Hampton Roads anticipates 68 percent more job openings in skilled trades over the next five years than workers trained to fill them.
“How do we as parents, legislators, educators and counselors get past the stigma that if our children don’t go to a four-year school, they won’t be successful?” Northam asked. “In today’s job market, there are plenty of good paying jobs that don’t require a four-year degree.”
Chancellor Dubois noted that community colleges started 50 years ago to meet workforce needs and continue that mission today.
Also joining the conversation with the governor: Atif Qarni, Virginia Secretary of Education; Dan Lufkin, president of Paul D. Camp Community College; and John Dever, president of Thomas Nelson Community College.
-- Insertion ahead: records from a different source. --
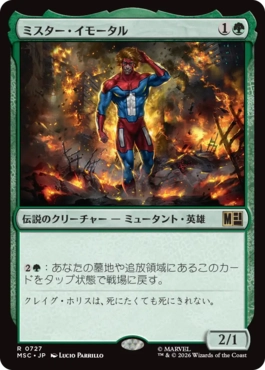 [727]【JP】【FOIL】ミスター・イモータル/Mister Immortal【MSC】[R][緑]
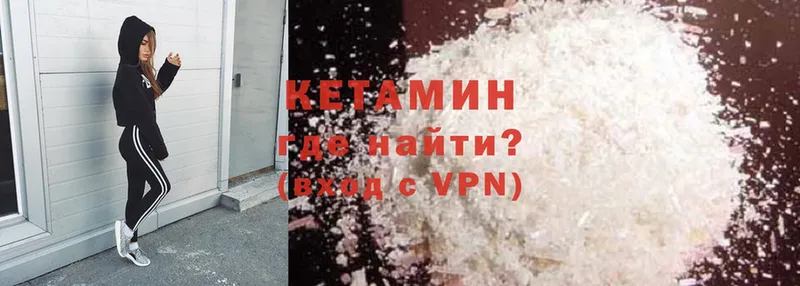 Кетамин ketamine  дарк нет Telegram  Гаврилов-Ям  купить наркотик 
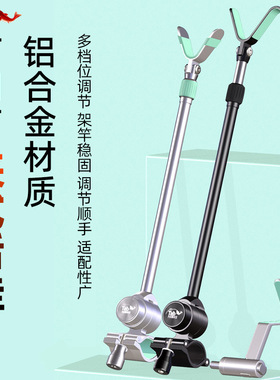 ab鱼竿支架后挂天线通用快拆拐角炮台铝合金支架头钓鱼架杆配件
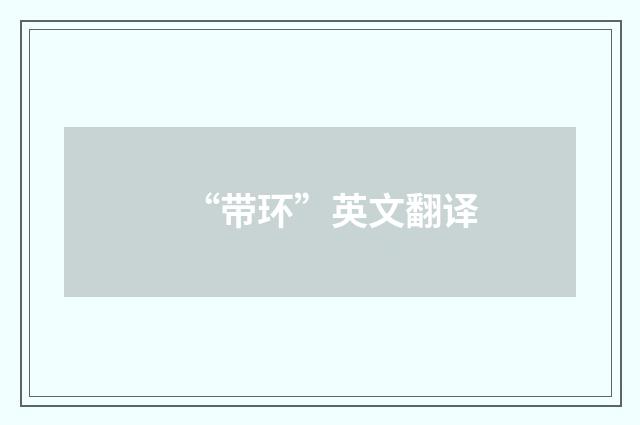 “带环”英文翻译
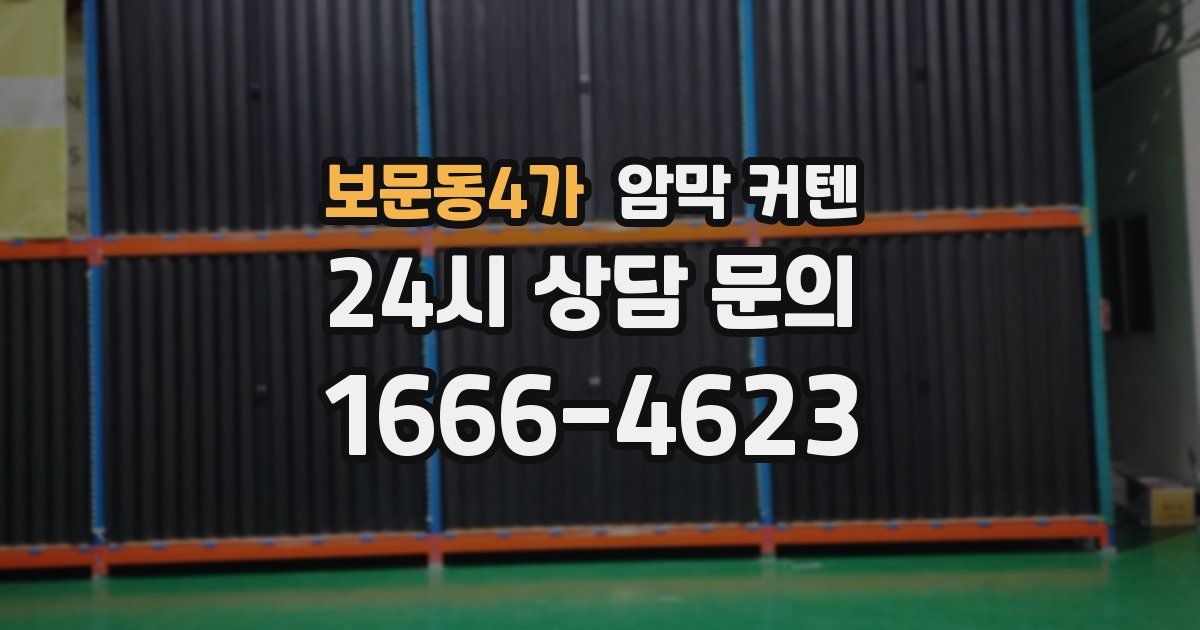 보문동4가 암막 커텐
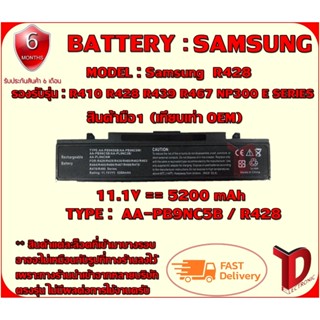 BATTERY : SAMSUNG R428 เทียบเท่า OEM ใช้ได้กับรุ่น R410 R428…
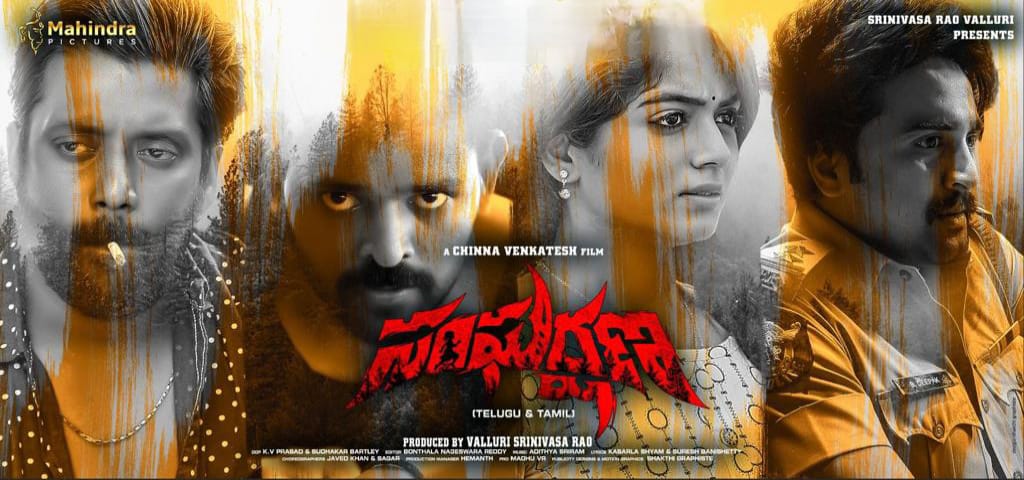 Sangharshana trailer launched Set for August 9 Theatrical Release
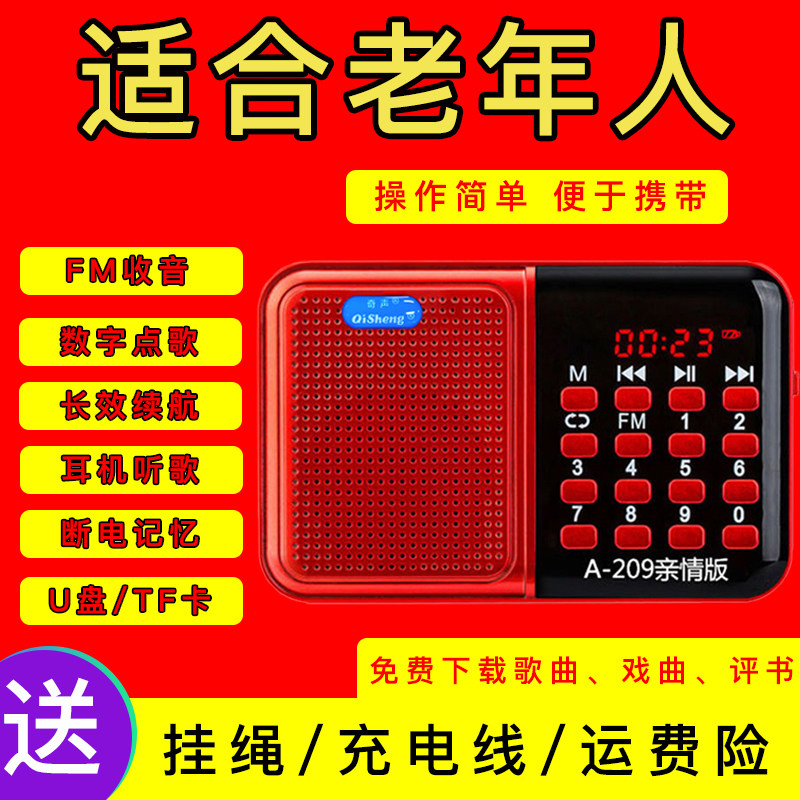 奇声q37收音机老人随身听便携式老年人小型迷你音箱广播半导体充电插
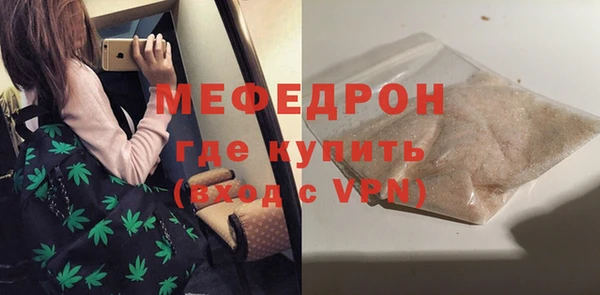ешки Балахна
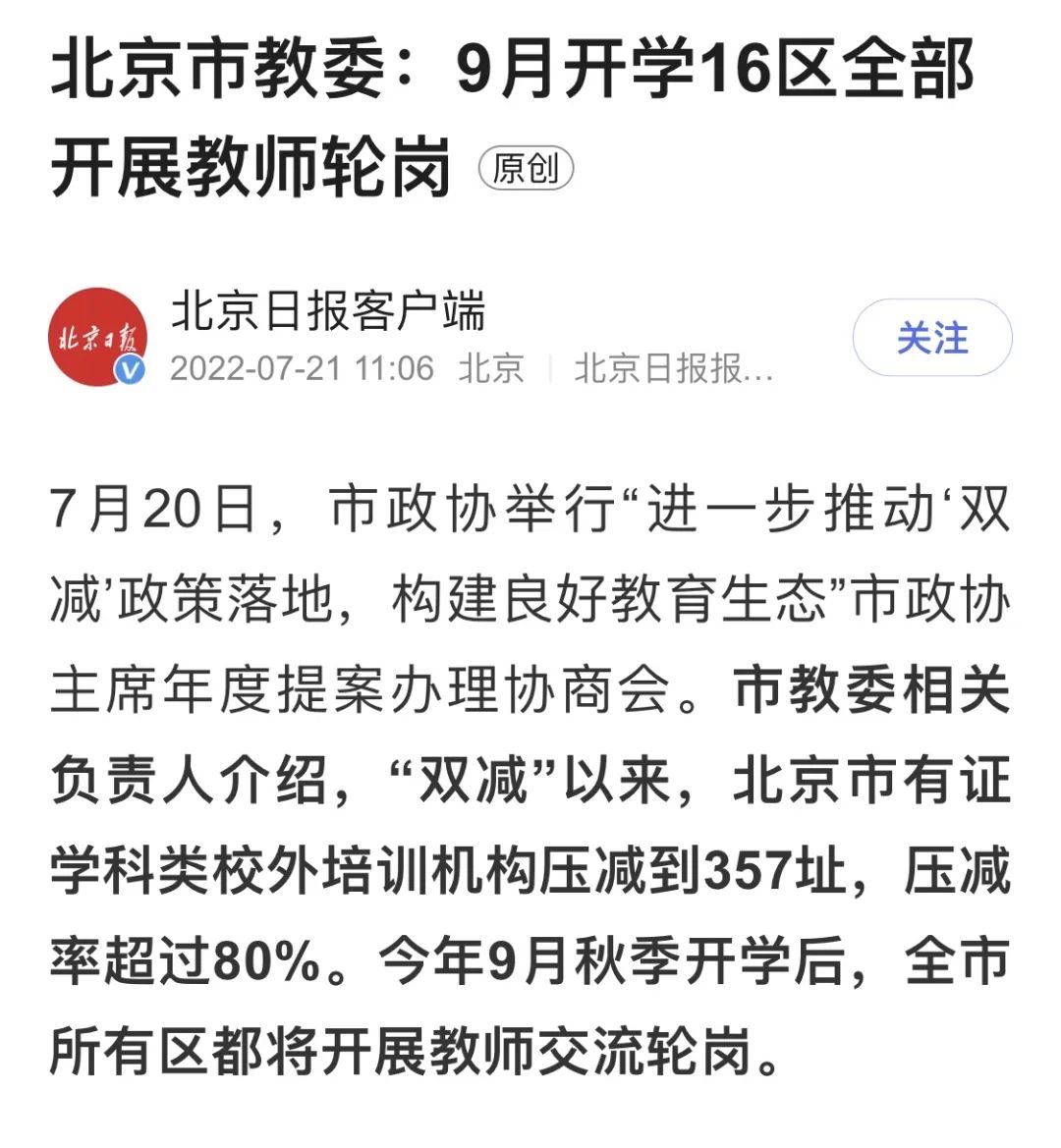 北京16区，9月开始教师轮岗带来的影响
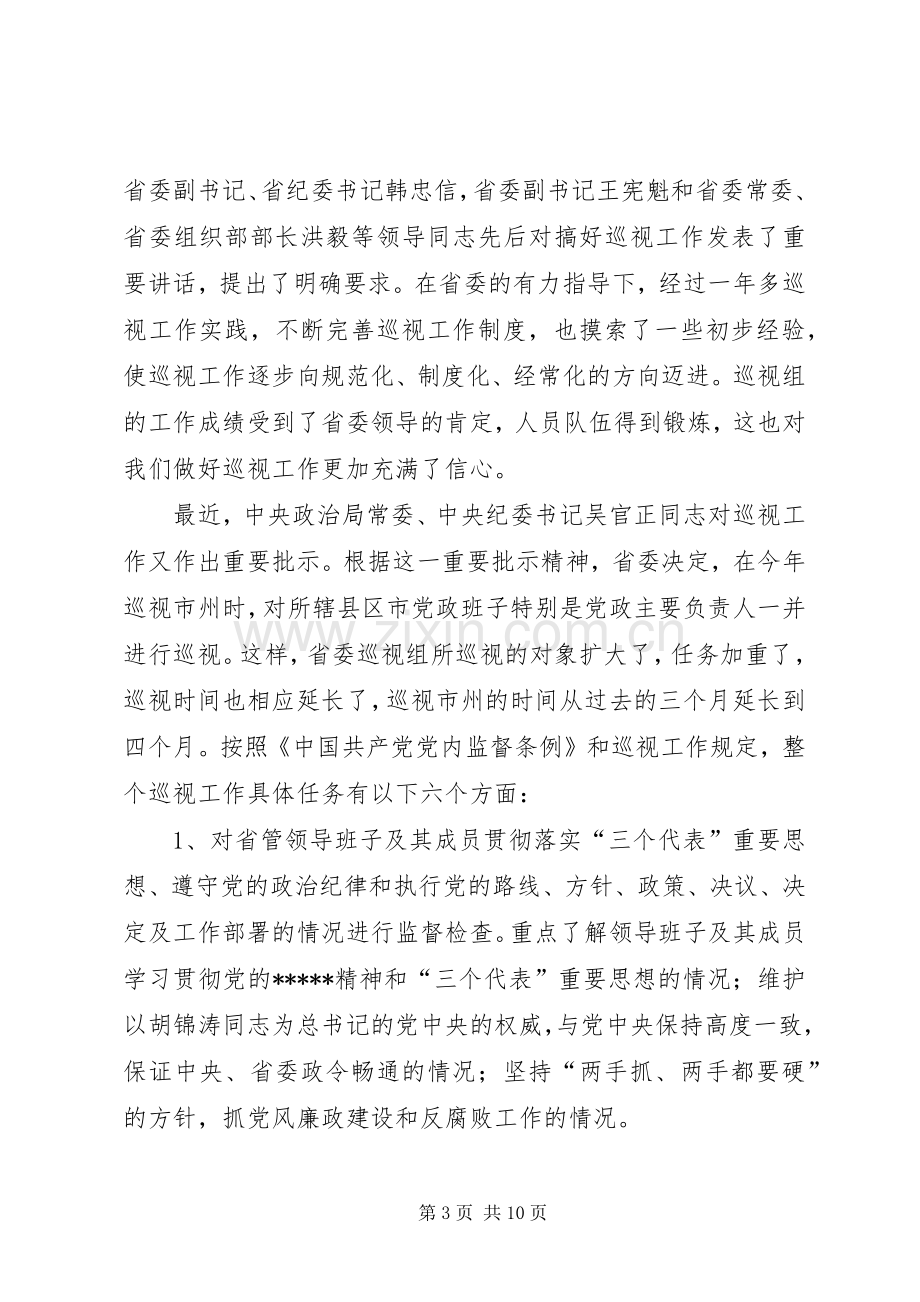 干部大会上讲话发言.docx_第3页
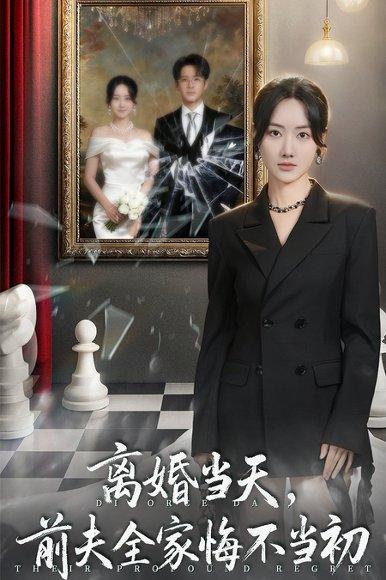 《离婚当天前夫全家悔不当初＆我自光芒万丈（42集）》短剧封面
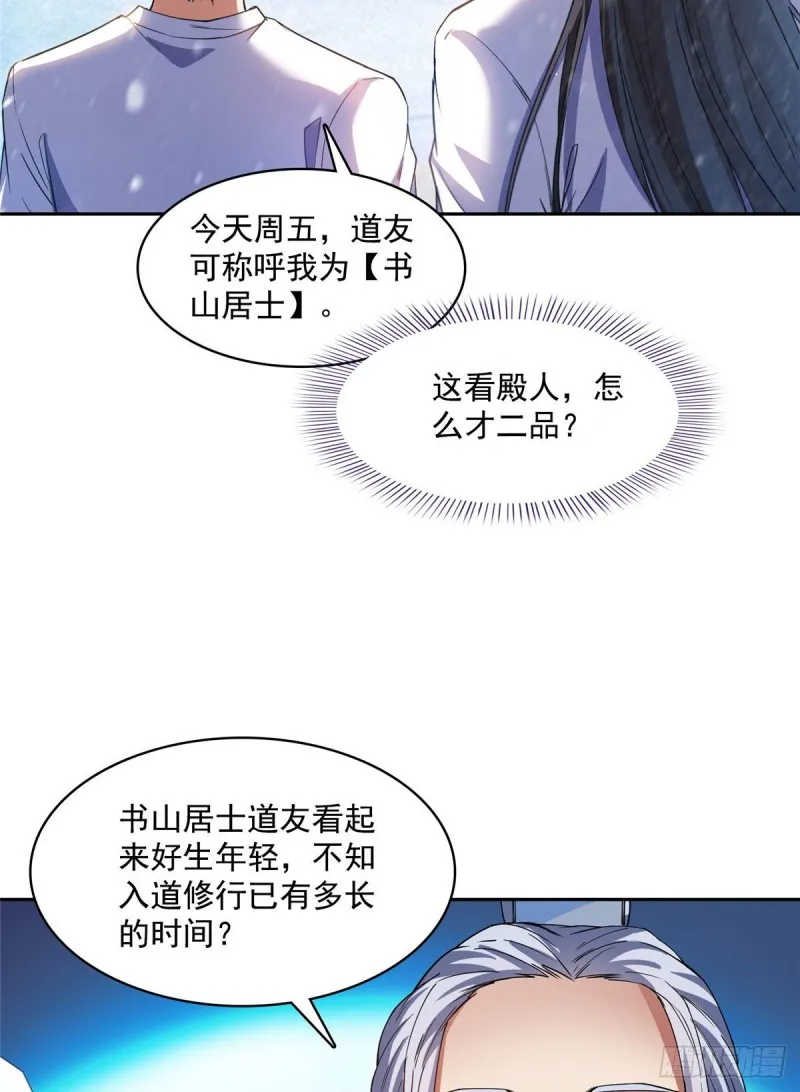 386 冬之殿遥控器！ 第29页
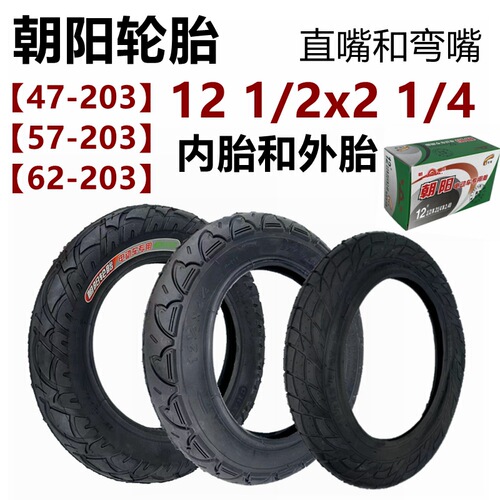 Chaoyang Tire 12 1/2x2 1/4 inner tube and tire 12.5 inches curved and straight mouth electric bike and bicycle inflatable tire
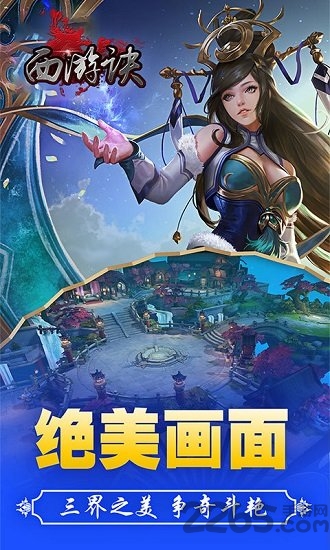 果盘西游诀手游截图2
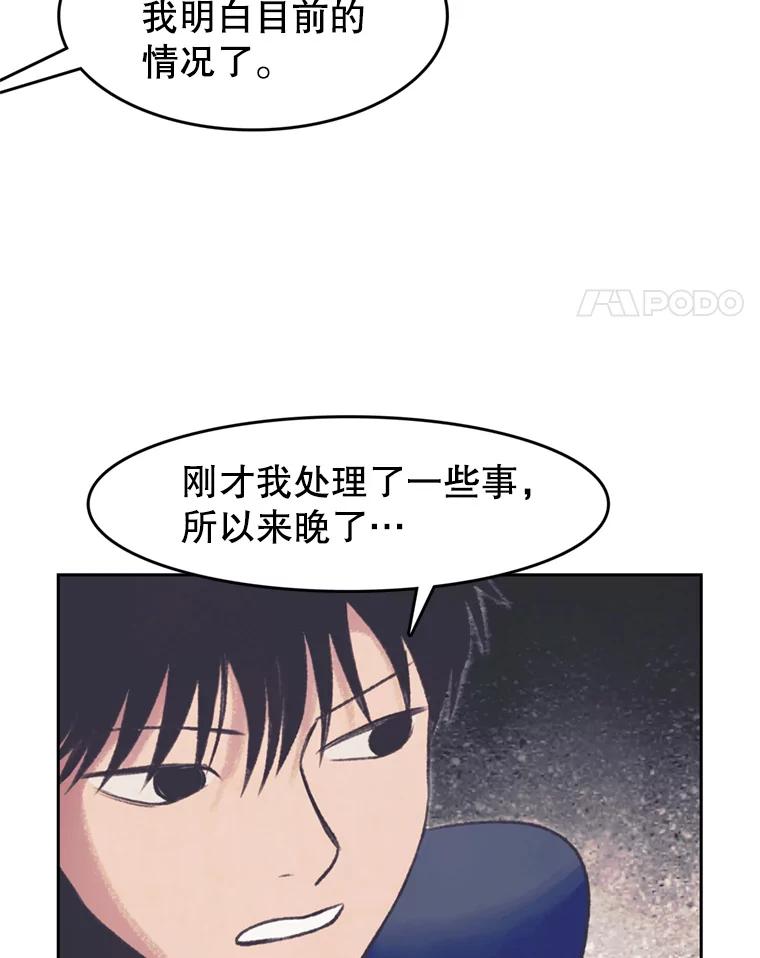 《欢迎收看书生秀》136.大电影 第69页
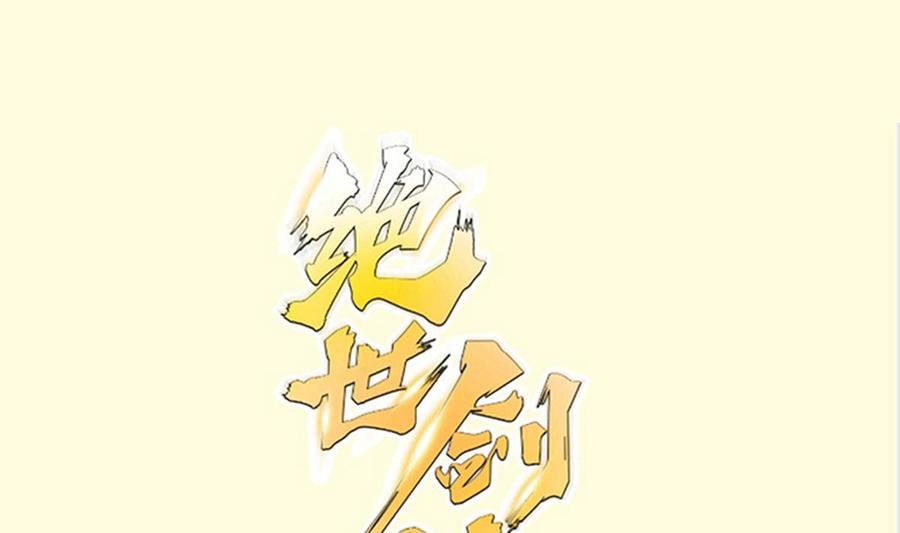 第223话 魂族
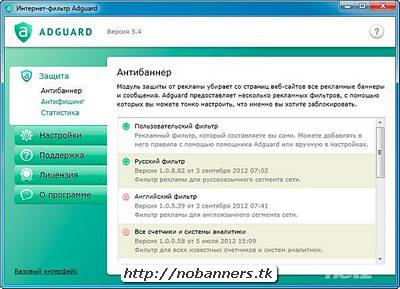 Бесплатные ключи для adguard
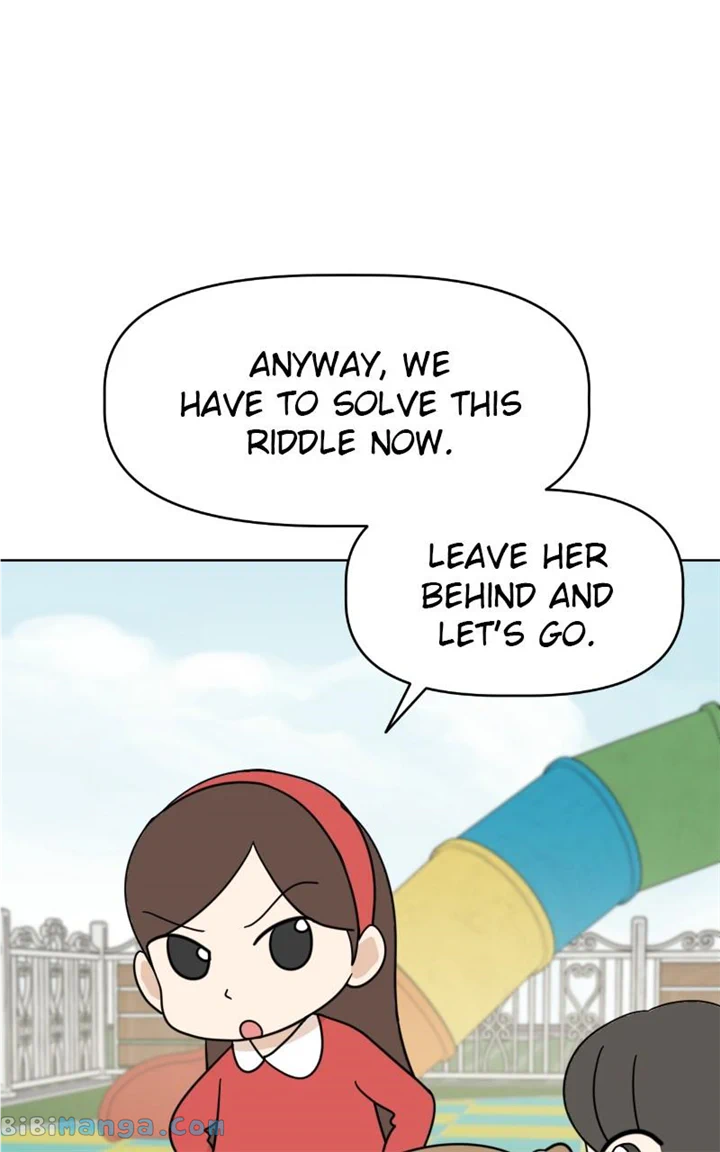 Maru Is a Puppy Chapter 17 - Page 11
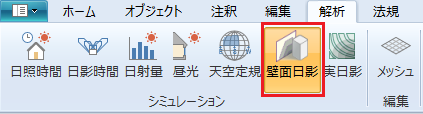 「解析」タブ、シミュレーションの「壁面日影コマンド」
Megan Healy, Chief Workforce Development Officer, moderated the session.
Additional ideas that emerged from the listening session regarding community colleges include:
*Stress the benefits of community college with parents, especially regarding career technical training.
*Educate guidance counselors on community college offerings and 21st century jobs requiring less than a four-year degree.
*Create educational opportunities that line up with new business needs, such as gamification, cybersecurity, unmanned aerial systems and biotechnology, as well as jobs in science, technology, engineering and math.
*Offer internships to provide workers with needed experience.
*Continue to be military-friendly and provide education for veterans and their families.
“We are blessed in Virginia to have great colleges and universities, and we need to make sure they are affordable for all Virginians,” Northam said. “We also have 23 great community colleges, and we are putting a lot of emphasis on high school level vocational training.”